▸ **Exercise goal**
Under this line is some data; print exactly the lines from the one containing "-唱吧麦颂KTV(西单华威潮铺街店)" through its last line, without pictures.

Data section: Begin

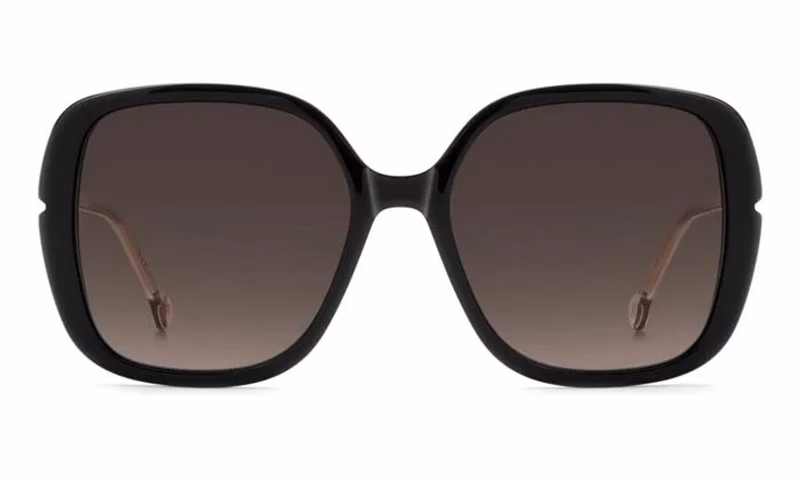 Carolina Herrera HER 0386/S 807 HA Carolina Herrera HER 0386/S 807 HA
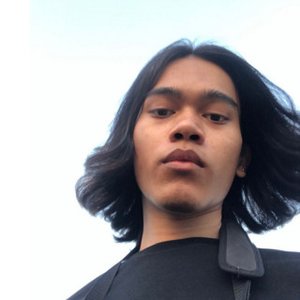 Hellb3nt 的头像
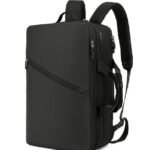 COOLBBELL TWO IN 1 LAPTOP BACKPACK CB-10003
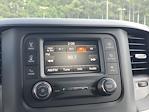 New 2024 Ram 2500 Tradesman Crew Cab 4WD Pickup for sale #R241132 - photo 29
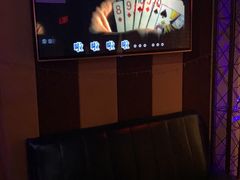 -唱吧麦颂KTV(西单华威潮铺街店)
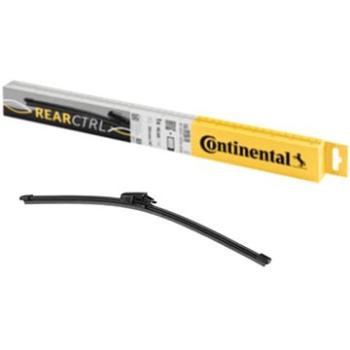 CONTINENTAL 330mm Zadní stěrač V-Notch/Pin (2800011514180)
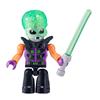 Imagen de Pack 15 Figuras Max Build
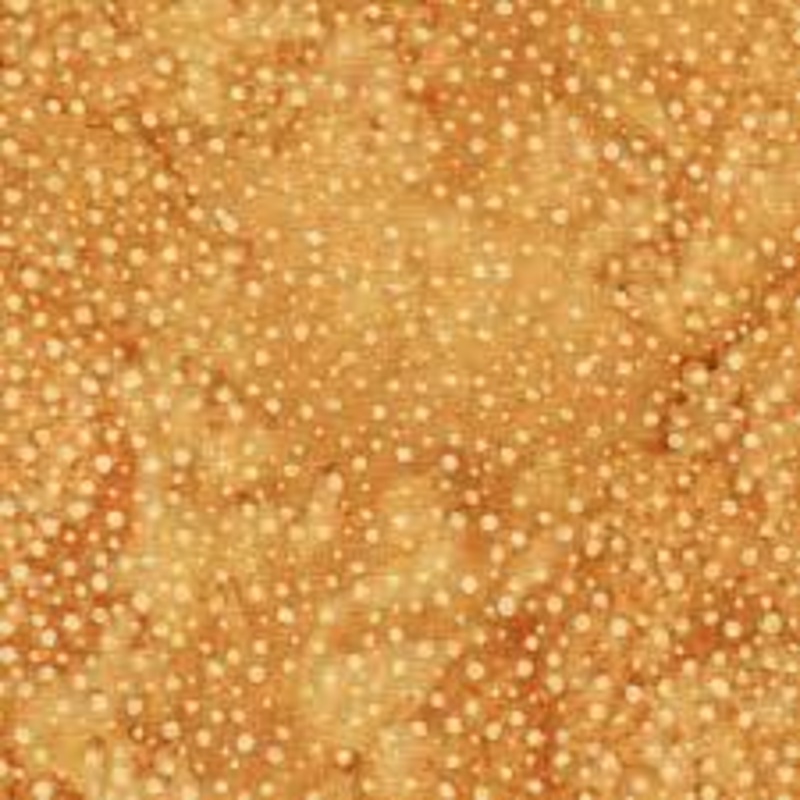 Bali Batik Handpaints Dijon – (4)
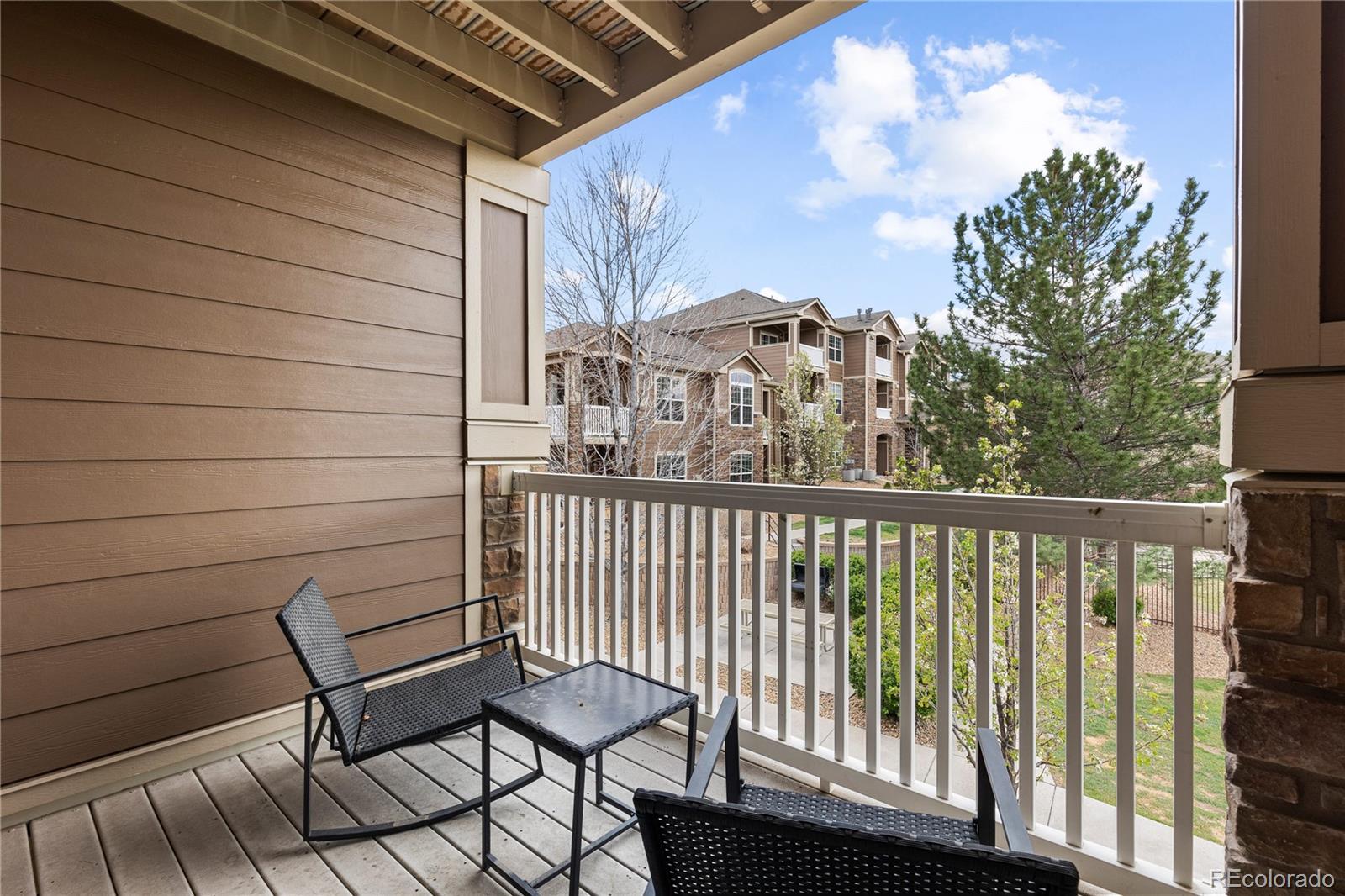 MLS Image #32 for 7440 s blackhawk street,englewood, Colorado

Data section: End

▸ **Your response**
 -唱吧麦颂KTV(西单华威潮铺街店)
 CONTINENTAL 330mm Zadní stěrač V-Notch/Pin (2800011514180)
 Imagen de Pack 15 Figuras Max Build
 Bali Batik Handpaints Dijon – (4)
 MLS Image #32 for 7440 s blackhawk street,englewood, Colorado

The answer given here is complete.